**Problem description:**
In the records below, find the line containing "Скриншот видео из" and the line containing "New Arrivals 4-IN-ONE"; please repeat exactly the lines from one to the other, both included, and nothing more.

**Data to process:**
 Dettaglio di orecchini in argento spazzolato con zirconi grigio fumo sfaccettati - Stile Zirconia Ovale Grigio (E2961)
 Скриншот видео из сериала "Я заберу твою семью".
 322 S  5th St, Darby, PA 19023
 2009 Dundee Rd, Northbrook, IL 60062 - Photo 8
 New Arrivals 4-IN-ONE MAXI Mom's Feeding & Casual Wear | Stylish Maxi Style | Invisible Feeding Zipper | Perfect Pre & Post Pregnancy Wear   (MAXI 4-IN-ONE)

==

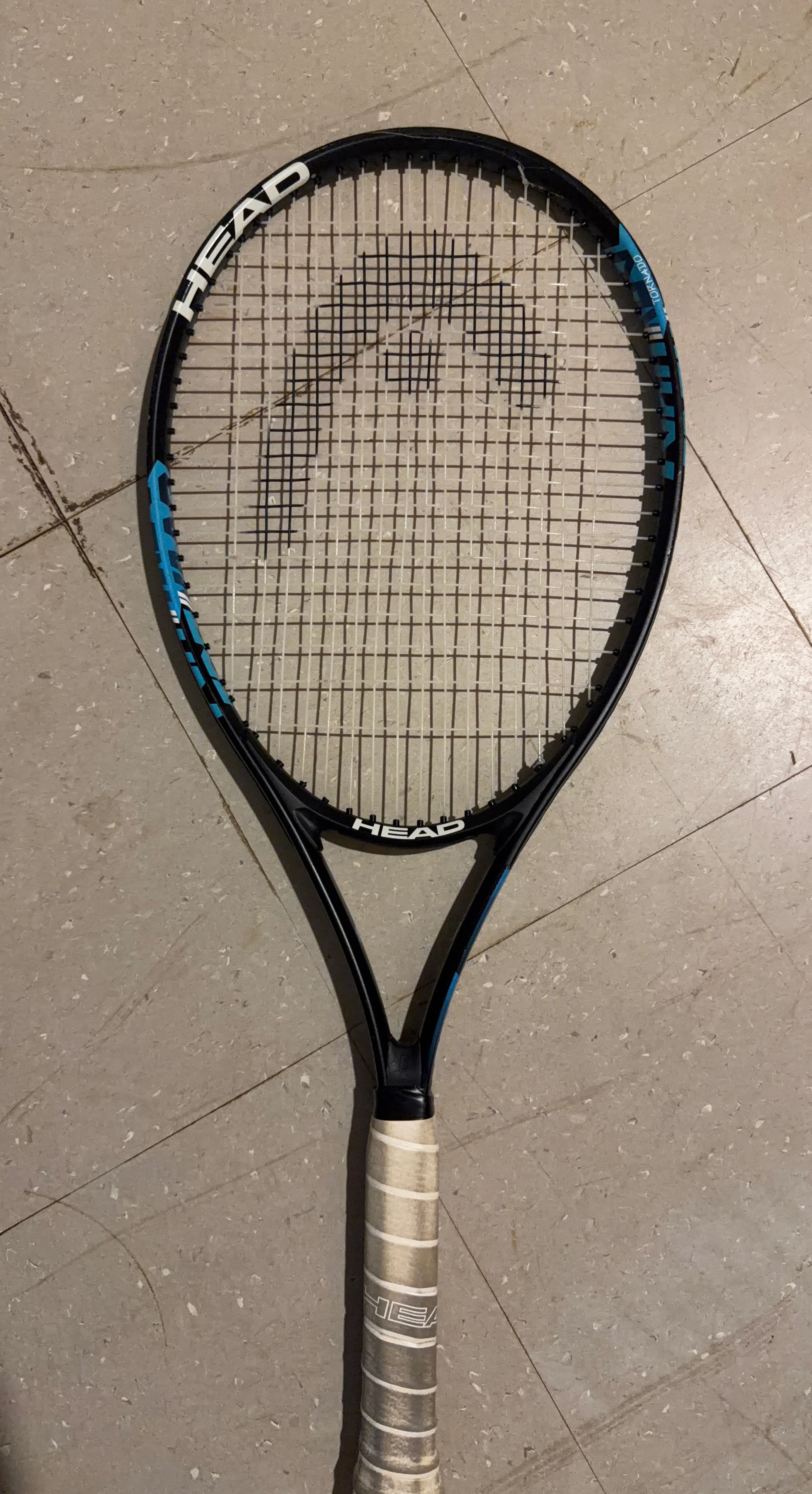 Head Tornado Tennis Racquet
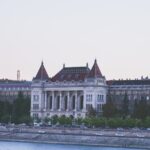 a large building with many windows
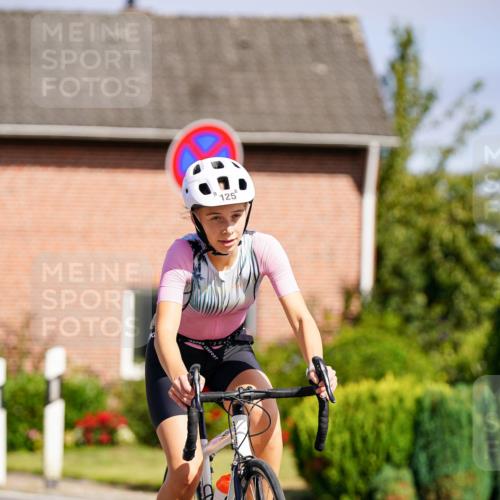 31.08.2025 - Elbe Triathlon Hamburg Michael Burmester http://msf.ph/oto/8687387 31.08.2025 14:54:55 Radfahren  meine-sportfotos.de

==

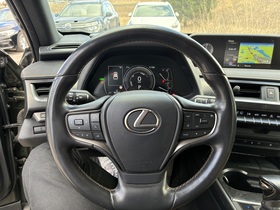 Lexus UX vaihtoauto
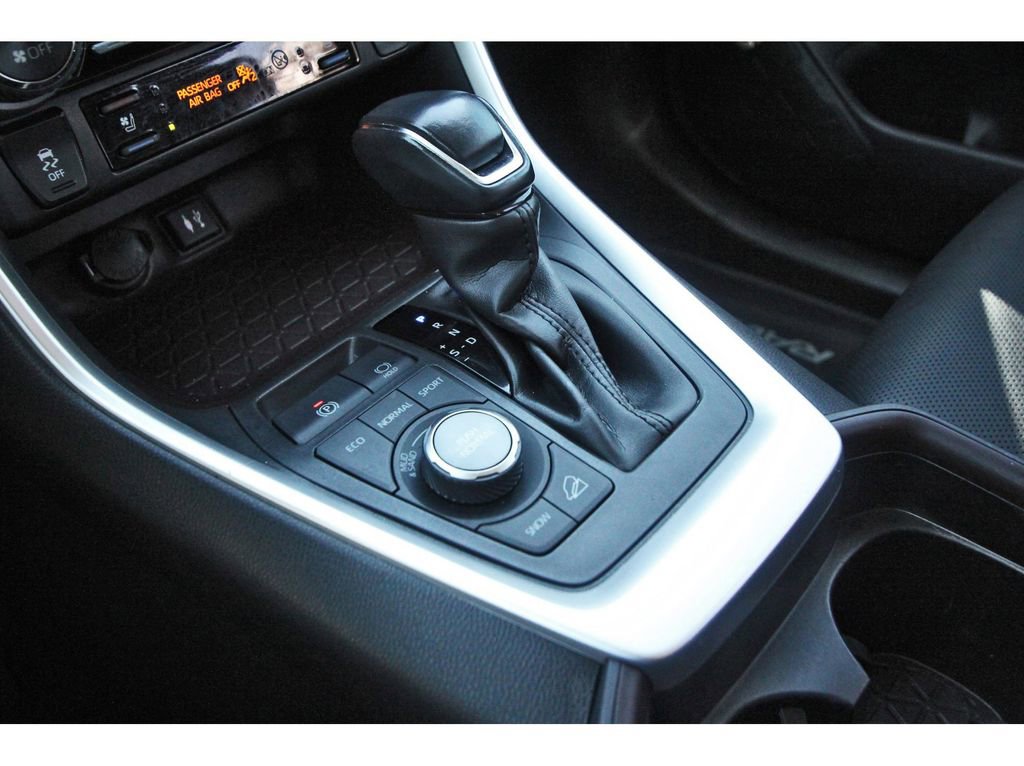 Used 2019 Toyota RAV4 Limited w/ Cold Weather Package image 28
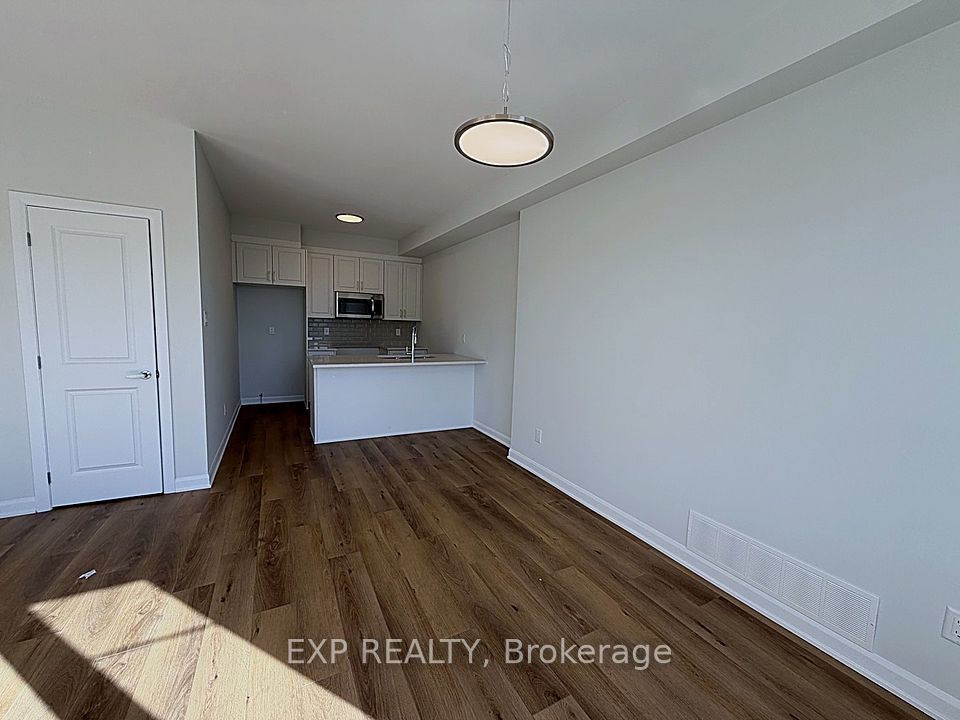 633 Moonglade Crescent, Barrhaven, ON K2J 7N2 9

**Response area:**
 Скриншот видео из сериала "Я заберу твою семью".
 322 S  5th St, Darby, PA 19023
 2009 Dundee Rd, Northbrook, IL 60062 - Photo 8
 New Arrivals 4-IN-ONE MAXI Mom's Feeding & Casual Wear | Stylish Maxi Style | Invisible Feeding Zipper | Perfect Pre & Post Pregnancy Wear   (MAXI 4-IN-ONE)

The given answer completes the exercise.